Overview
The Operations Supervisor is responsible for the effective management of venue concessions operations including inventory controls, cash controls, compliance with alcohol service polices, cleaning, safety, guest service, employee/volunteer training and supervision, troubleshooting, closing duties, event planning support, food preparation and production, and any other tasks assigned by the Director of Operations. The Operations Supervisor must provide a high level of event oversight, technical proficiency and operational/personnel support to ensure the smooth operation of the Stadium & Concessions Dept.
The employee must maintain excellent attendance and be available to work a variable event-driven schedule including evenings and weekends. Flexible availability, professional presentation, outstanding interpersonal skills, self-direction and strong technical (computer and POS) aptitude are required.
This role will pay a wage of $20 to $25.
For FT roles: Benefits: Health, Dental and Vision insurance, 401(k) savings plan, 401(k) matching, and paid time off (vacation days, sick days, and 11 holidays).
Responsibilities
• Ensure proper set-up of all concessions locations prior to doors. Set-up duties may include: verifying opening inventory, assigning duties to concession workers (employee/volunteer), ensuring sanitation standards are met, verifying that each location is fully operational, ascertaining levels of food production based upon projected guest attendance has been met; assuring that SL or NFP Stand Leader has followed proper procedures for distribution and handling of cash.
• Provide oversight and operational expertise resulting in the smooth, efficient and profitable execution of events.
• Ability to oversee a large volume of inventory, order product, and manage high volume sales.
• Supervise all venue concessions operations before, during and after the event. Duties include employee check-in, equipment inspection, POS monitoring and troubleshooting, guest complaint resolution, food production, clean-up, post-event reconciliation and reporting, and any other duties as assigned by the Director of Operations.
• Willing to cover / back-up any open position to assure location is fully operational and company standards pertaining to speed of service and guest satisfaction are met.
• Provide direction and oversight to Concession Stand Managers, Concession Cooks, and Cashiers. Ensure that all State / Federal, OVG and IEC policies, procedures and practices are adhered to, including compliance with alcohol distribution / service and food handling / sanitation guidelines, general safety policies and procedures. Report any alcohol service or other compliance issues to Director of Operations immediately.
• Complete post-event evaluations, data compilation, tracking of monetary and product shortages, generating reports; serves as a resource for POS applications and training.
• Relays safety/health issues to management immediately.
• Ensure event staff and volunteers are aware of work place expectations; promote a positive, enthusiastic and cooperative workplace environment by working side-by-side with staff and volunteers; reinforce procedures and practices through repetition; lead by example.

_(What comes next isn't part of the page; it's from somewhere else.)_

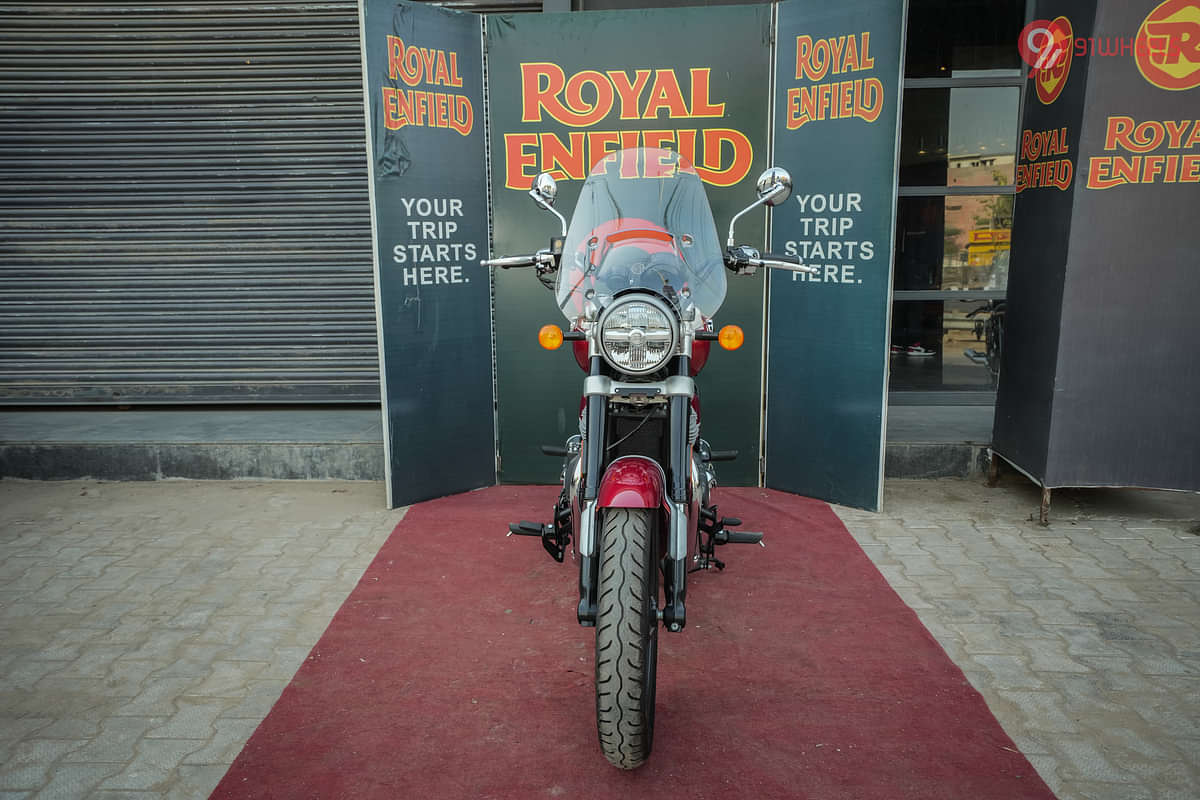Royal Enfield Super Meteor 650 Front View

• Ability to obtain working knowledge of all existing concession locations: geographical locations, equipment, evacuation procedures, adjacent employee and guest areas and facility access.
Qualifications
• Associate’s Degree (A.A.) or greater in Culinary Management, Business Management, or related field; along with two or more years’ experience in Concessions Management, other Food & Beverage Management, or related experience.
• Degree requirement may be substituted for four or more years’ experience in Concessions Supervision, Food & Beverage Management or related position.
• Solid working knowledge of computer applications: Microsoft office, POS systems, timekeeping system.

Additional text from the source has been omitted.